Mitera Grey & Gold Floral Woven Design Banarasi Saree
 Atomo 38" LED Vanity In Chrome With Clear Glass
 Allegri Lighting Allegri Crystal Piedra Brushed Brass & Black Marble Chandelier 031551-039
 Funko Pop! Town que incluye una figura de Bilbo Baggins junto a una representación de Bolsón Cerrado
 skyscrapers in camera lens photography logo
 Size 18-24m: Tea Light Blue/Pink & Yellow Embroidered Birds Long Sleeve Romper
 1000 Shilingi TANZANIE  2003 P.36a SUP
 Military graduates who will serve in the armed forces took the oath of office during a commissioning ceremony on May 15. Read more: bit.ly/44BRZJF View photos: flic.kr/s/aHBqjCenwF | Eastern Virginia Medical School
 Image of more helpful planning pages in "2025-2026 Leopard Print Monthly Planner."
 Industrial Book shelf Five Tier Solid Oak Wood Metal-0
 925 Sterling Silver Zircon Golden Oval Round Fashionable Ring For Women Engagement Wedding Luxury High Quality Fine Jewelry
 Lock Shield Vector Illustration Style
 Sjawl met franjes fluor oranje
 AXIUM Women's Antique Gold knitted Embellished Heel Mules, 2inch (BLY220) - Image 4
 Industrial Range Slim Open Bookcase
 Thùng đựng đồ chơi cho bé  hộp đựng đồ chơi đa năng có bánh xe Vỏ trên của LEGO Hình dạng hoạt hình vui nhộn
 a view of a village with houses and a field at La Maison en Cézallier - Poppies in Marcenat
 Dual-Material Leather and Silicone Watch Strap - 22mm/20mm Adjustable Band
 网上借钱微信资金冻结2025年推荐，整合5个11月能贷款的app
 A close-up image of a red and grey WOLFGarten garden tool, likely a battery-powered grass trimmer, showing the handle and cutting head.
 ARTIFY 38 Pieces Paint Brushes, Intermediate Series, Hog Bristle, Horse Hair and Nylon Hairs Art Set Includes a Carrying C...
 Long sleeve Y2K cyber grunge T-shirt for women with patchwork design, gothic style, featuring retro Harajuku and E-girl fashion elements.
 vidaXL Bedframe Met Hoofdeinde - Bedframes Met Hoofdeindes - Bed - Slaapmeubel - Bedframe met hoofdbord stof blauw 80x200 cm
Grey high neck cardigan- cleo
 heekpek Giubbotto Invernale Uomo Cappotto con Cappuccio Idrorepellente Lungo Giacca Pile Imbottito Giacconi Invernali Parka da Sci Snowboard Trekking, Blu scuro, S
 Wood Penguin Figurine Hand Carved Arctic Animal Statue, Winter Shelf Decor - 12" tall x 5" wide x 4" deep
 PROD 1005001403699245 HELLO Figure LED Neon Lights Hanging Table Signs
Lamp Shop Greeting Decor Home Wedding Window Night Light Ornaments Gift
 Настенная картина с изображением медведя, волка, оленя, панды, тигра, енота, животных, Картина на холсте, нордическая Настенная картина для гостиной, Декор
★ ★ ★ ★ ★ ★ ★
Goal of the exercise
The lines needed are the ones from the first line of the entries through the line that contains "Thùng đựng đồ", given again without any change.

Answer area
Mitera Grey & Gold Floral Woven Design Banarasi Saree
 Atomo 38" LED Vanity In Chrome With Clear Glass
 Allegri Lighting Allegri Crystal Piedra Brushed Brass & Black Marble Chandelier 031551-039
 Funko Pop! Town que incluye una figura de Bilbo Baggins junto a una representación de Bolsón Cerrado
 skyscrapers in camera lens photography logo
 Size 18-24m: Tea Light Blue/Pink & Yellow Embroidered Birds Long Sleeve Romper
 1000 Shilingi TANZANIE  2003 P.36a SUP
 Military graduates who will serve in the armed forces took the oath of office during a commissioning ceremony on May 15. Read more: bit.ly/44BRZJF View photos: flic.kr/s/aHBqjCenwF | Eastern Virginia Medical School
 Image of more helpful planning pages in "2025-2026 Leopard Print Monthly Planner."
 Industrial Book shelf Five Tier Solid Oak Wood Metal-0
 925 Sterling Silver Zircon Golden Oval Round Fashionable Ring For Women Engagement Wedding Luxury High Quality Fine Jewelry
 Lock Shield Vector Illustration Style
 Sjawl met franjes fluor oranje
 AXIUM Women's Antique Gold knitted Embellished Heel Mules, 2inch (BLY220) - Image 4
 Industrial Range Slim Open Bookcase
 Thùng đựng đồ chơi cho bé  hộp đựng đồ chơi đa năng có bánh xe Vỏ trên của LEGO Hình dạng hoạt hình vui nhộn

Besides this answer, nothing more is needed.